Ibu bercerita tentang bunga itu dengan nada sedih. Bunga kastanye yang rapuh itu melambangkan cinta sejati seorang gadis desa kepada seorang pangeran. Prasangka etiket yang keras memisahkan mereka. Gadis itu, karena rindu dan penyesalan, menjelma menjadi bunga liar dengan aroma aneh yang membuat banyak orang berlama-lama saat berpisah.
Banyak musim telah berlalu dengan tenang, tetapi sore ini, aroma sederhana itu telah memperlambat langkahku. Warna hijau dan kuning yang tersembunyi di bawah sinar matahari membuat jantungku berdebar sekali lagi. Aku berdiri tanpa sadar di trotoar, menempelkan tanganku ke pipi, membiarkan kenanganku kembali bersama aroma itu, membiarkan mimpiku juga dipenuhi aroma kastanye. Dan kemudian dalam mimpi itu, samar-samar aku menemukan syair-syair lama: "Aprikot kuning seperti buah matang/Tanda kastanye tergantung di suatu tempat/Angin membawa aroma yang aneh/Jalan menuju sekolah ramai..."
Kesibukan hidup sehari-hari. Hujan dan terik matahari di luar sana memaksa kita menyimpan segalanya di sudut hati, baru berani membukanya saat malam tiba. Terkadang aku terisak dan menyalahkan diri sendiri karena begitu tak berperasaan! Apakah aku sudah melupakan masa kecilku?
Sudahkah kau lupa hamparan bukit yang ditumbuhi bunga sim ungu dan kastanye kuning? Waktu terpatri di mata, waktu terpatri pada setiap helai rambut yang telah berubah warna menjadi senja. Namun untungnya, jauh di tanah nostalgia, masih utuh jalan-jalan berdebu merah di sepanjang lereng dengan pohon kastanye yang menghasilkan bunga kuning dengan aroma yang sangat unik dan tak terlupakan. Tak mudah melupakan sekuntum bunga dalam kenangan masa kecil kita.
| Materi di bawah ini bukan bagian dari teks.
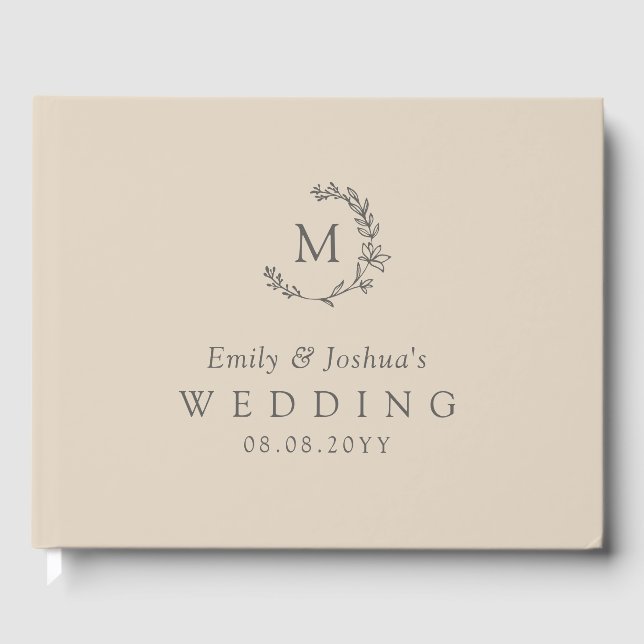  Linen & Grey Hand-Drawn Floral Wreath Wedding Guest Book (Front)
Kota ini kini juga masih memiliki aroma samar bunga kastanye. Kastanye ditanam di kebun rumah. Gugusan-gugusan kecil bunganya masih tak henti-hentinya menyebarkan aromanya. Gugusan-gugusan hijau muda bercampur kuning tua itu terkadang membuat orang-orang yang jauh dari rumah kebingungan di tengah hiruk pikuk kota. Dan sore ini, ada seseorang yang dengan rakus menghirup aroma masa kecil, meluluhkan rasa rindunya.
Sore perlahan tiba. Hidup terasa begitu lembut dan damai. Aroma masa kecil kembali membawa kita ke kenangan lama, kembali ke mimpi indah masa muda yang murni. Di tengah hiruk pikuk kota yang jauh, samar-samar kita mendengar suara-suara familiar dari harmoni yang penuh gairah dan agung.